-- THE DATA --
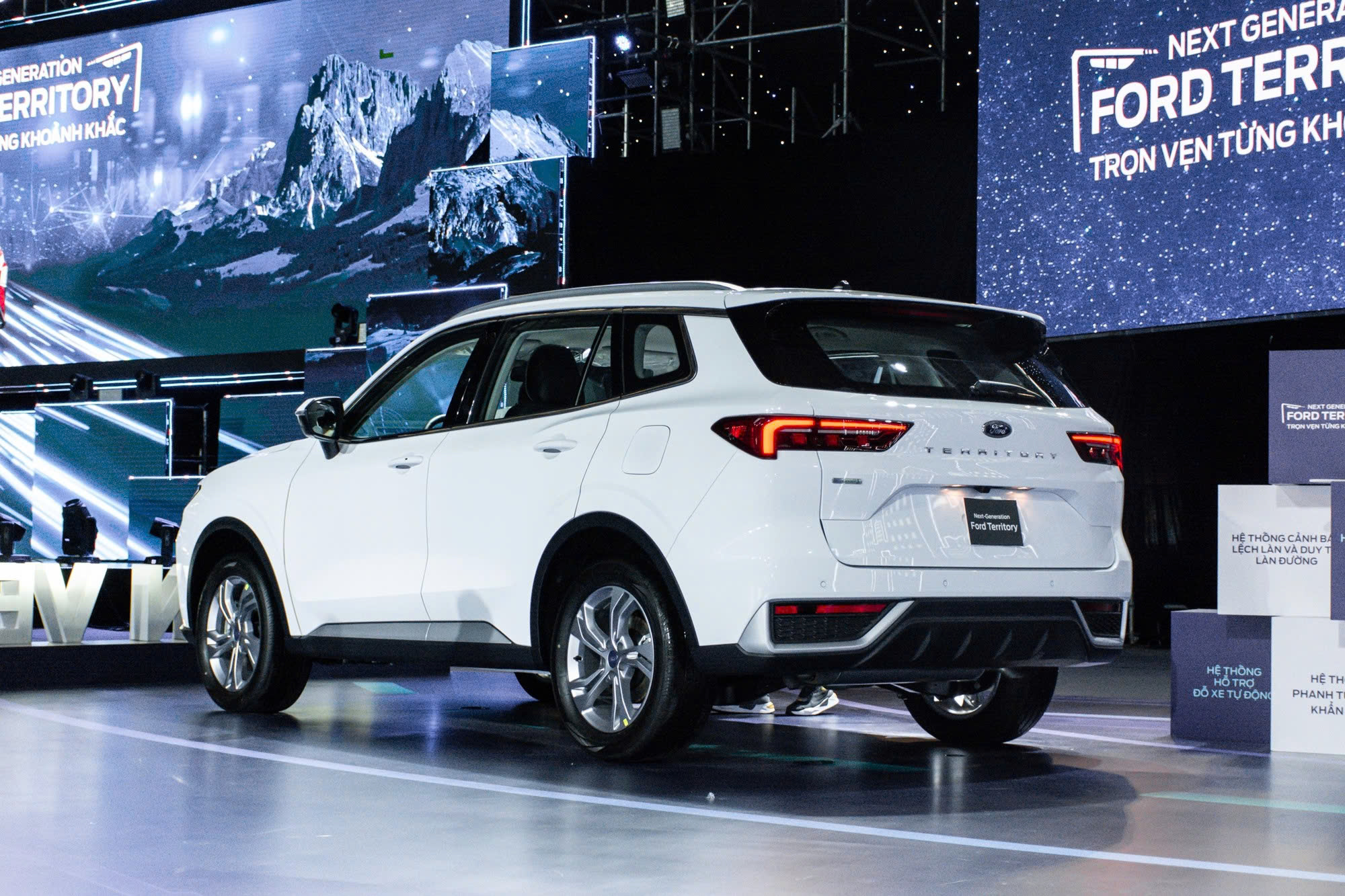 CUV cỡ C tại Việt Nam: Chọn Geely EX5 vừa ra mắt hay 2 mẫu xe xăng ăn khách Mazda CX-5 và Ford Territory?- Ảnh 8.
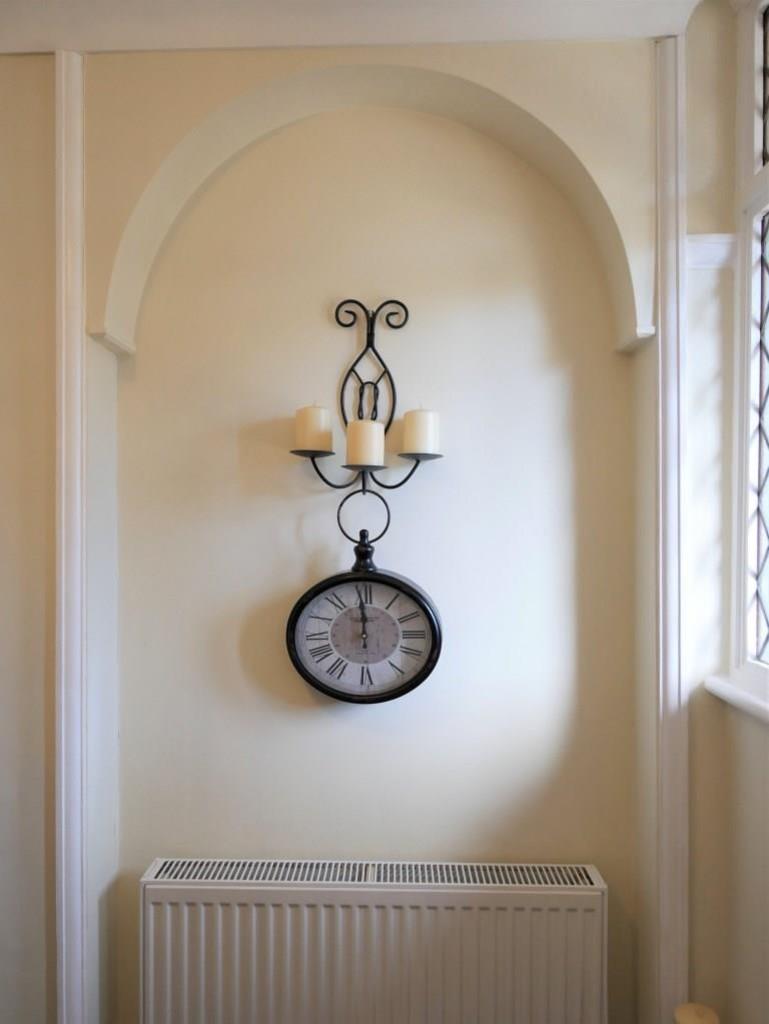 Entrance hall2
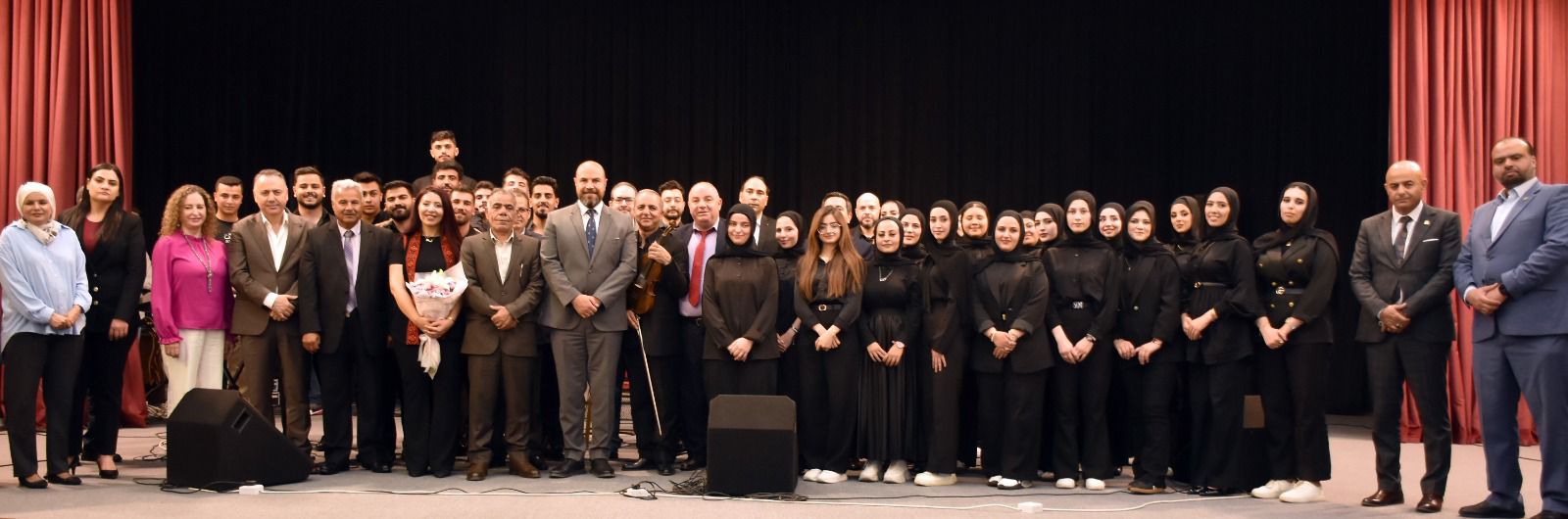 “فنون اليرموك” تُحيي حفلاً وطنياً بالاستقلال واليوبيل الذهبي للجامعة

-- WORK INSTRUCTION --
Reproduce the data in full. Do not carry over any picture.

-- EXPECTED ANSWER --
 CUV cỡ C tại Việt Nam: Chọn Geely EX5 vừa ra mắt hay 2 mẫu xe xăng ăn khách Mazda CX-5 và Ford Territory?- Ảnh 8.
 Entrance hall2
 “فنون اليرموك” تُحيي حفلاً وطنياً بالاستقلال واليوبيل الذهبي للجامعة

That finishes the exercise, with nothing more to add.